How do Western persons who believe in the reality of the individual self make sense of the Buddhist idea of no-self? How have experiences of travel in Buddhist cultures helped them to do this? How have writers described the ways in which such a journey changed them? These are my guiding questions in Journeys of Transformation: Searching for No-Self in Western Buddhist Travel Narratives.
Since the 1970s, dozens of autobiographical stories have described treks in Tibet, periods of residence in a Zen monastery, pilgrimages to Buddhist sites and teachers, and other Asian journeys. The best known of these works is Peter Matthiessen’s The Snow Leopard, and more than thirty other writers have written of their journeys, including John Blofeld, Jan Van de Wetering, Thomas Merton, Oliver Statler, Robert Thurman, Gretel Ehrlich, and Bill Porter. This genre of spiritual memoir describes how Asian travels brought a new understanding of Buddhism and transformed the author’s life.

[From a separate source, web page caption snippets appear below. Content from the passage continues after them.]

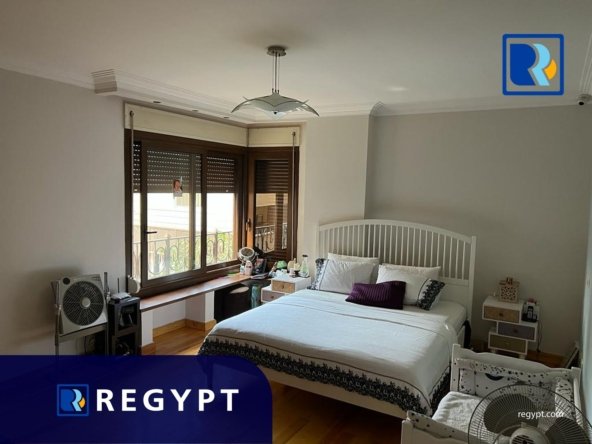 Airy bedroom with nice finishing in a duplex ground floor for rent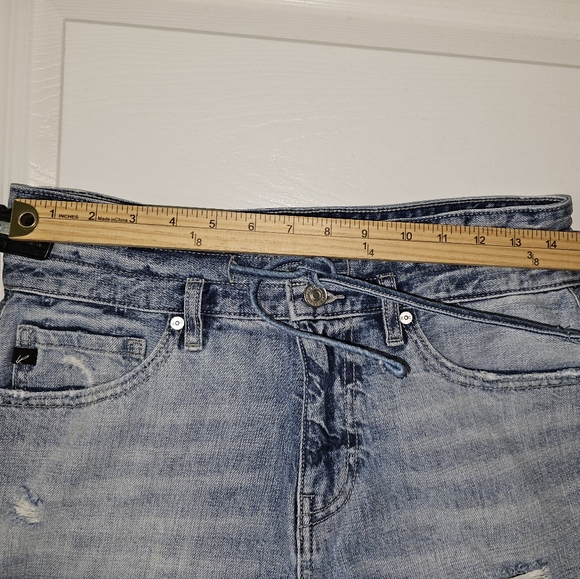 Kancan, Women's Size Large High Waisted Denim Shorts - Picture 6 of 9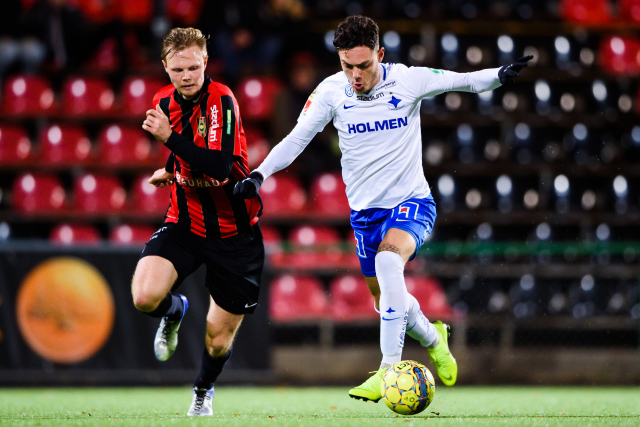 David Moberg Karlsson (vpravo) při utkání švédské ligy. David Moberg Karlsson (vpravo) při utkání švédské ligy.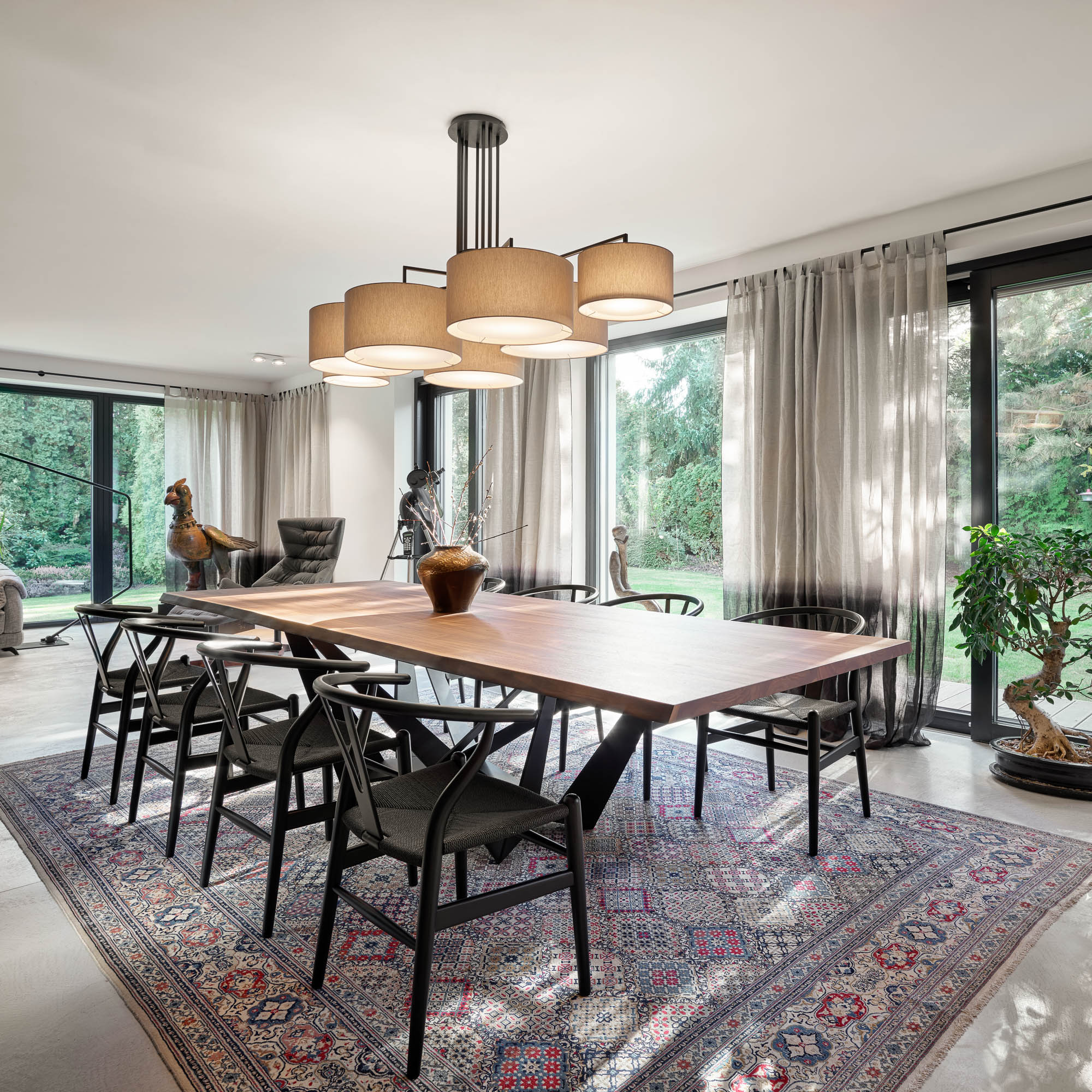 Dining room massive oak table Zeitraum chandelier Persian rug garden sculptures bonsai OOOOX villa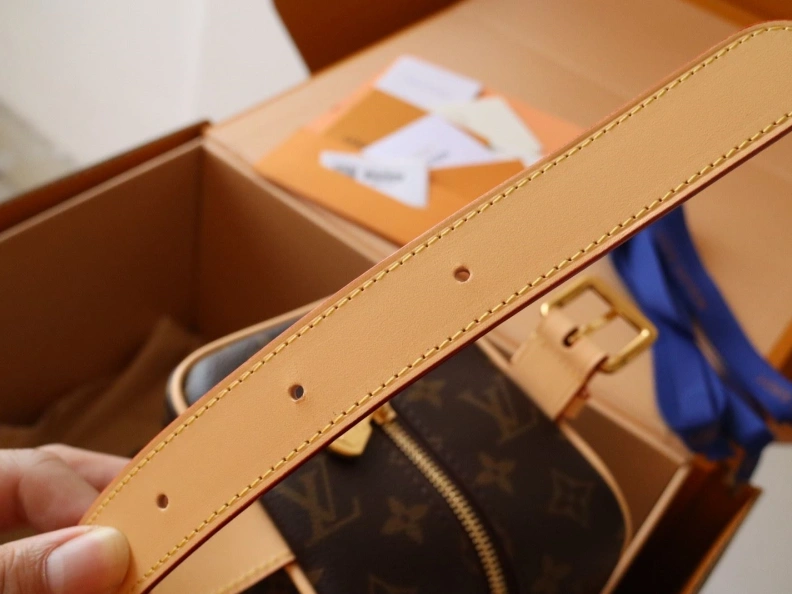 Fashionable LX Cosmetic Bags 12131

Western Buddhist travel narratives often explore the Buddhist idea of no-self or not-self (in Sanskrit: anatman; in Pali: anatta), a puzzling concept that apparently denies a foundational assumption of Western culture: the reality of the individual personality or self. In Journeys of Transformation, I interpret how writers understand the Buddhist idea that the self is an illusion. The concept of no-self helps them interpret certain pivotal experiences of “unselfing,” and it is also a catalyst that provokes and enables such events. These incidents dislodge the ordinary and conventional sense of self and elicit another kind of awareness that feels extraordinary, significant, and invigorating, and that writers often link to a transformation of identity. The writers’ search for experiences that they hope will confirm the truths of Buddhism and their focus on incidents of unselfing “off the meditation cushion” during their travels reveal a new understanding of Buddhism as compared with traditional Asian forms. As well as personal change, these travel narratives depict the transformation—the identity-in-difference—of Buddhism as it is reinterpreted in Western cultural settings. Journeys of Transformation explores the geographical journeys and religious changes of both individuals and Buddhism itself.
I explore the meaning of a rather abstract and puzzling concept, the idea of no-self, with close literary analysis of autobiographical narratives, focusing on how Western writers use it to interpret their own experiences. Journeys of Transformation examines a fascinating group of books that have not been discussed together, maps the development of a literary genre, and compares the different ways in which authors portray the central Buddhist concept of no-self and the events that helped them understand it. Autobiographical narratives illuminate certain aspects of Buddhism and religious experience that are obscured or neglected by more abstract, theoretical, or systematic forms of discourse. I offer a fresh perspective on religious transformation, the study of which has been dominated by studies of Christian conversion and by social scientific approaches. The book explores how and why travel can be a crucial catalyst and context for religious experience and change.
Transformation is the central theme of the genre of spiritual autobiography and the deepest religious concern at work in Buddhist thinking about no-self. Journeys of Transformation offers crucial insights and wisdom about the meaning of no-self, the process of self-transformation, the religious significance of travel, and the evolving forms of modern Western Buddhism.